# What this task involves:
Here the job is to transcribe the data exactly while omitting the images.

# Supplied information:

○ ○ ○ ○ ○

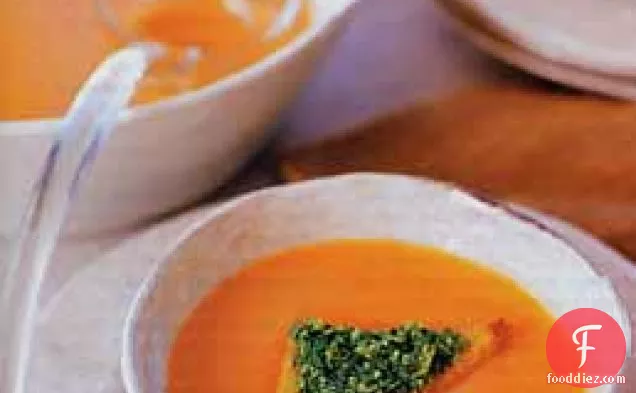Spicy Roasted Squash Soup with Pumpkin Seed Pesto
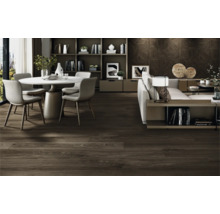 Wohnbereich mit Holzboden, Esstisch, Stühlen, Sofa und Bücherregal.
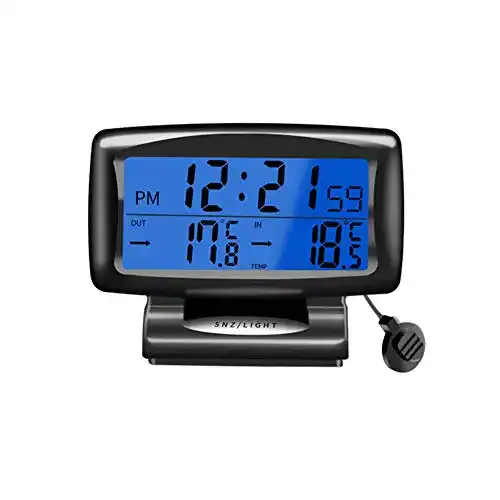 Digitales Auto-Thermometer von Asudaro mit Uhr und LED Anzeige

○ ○ ○ ○ ○

# Solution below:
Spicy Roasted Squash Soup with Pumpkin Seed Pesto
 Wohnbereich mit Holzboden, Esstisch, Stühlen, Sofa und Bücherregal.
 Digitales Auto-Thermometer von Asudaro mit Uhr und LED Anzeige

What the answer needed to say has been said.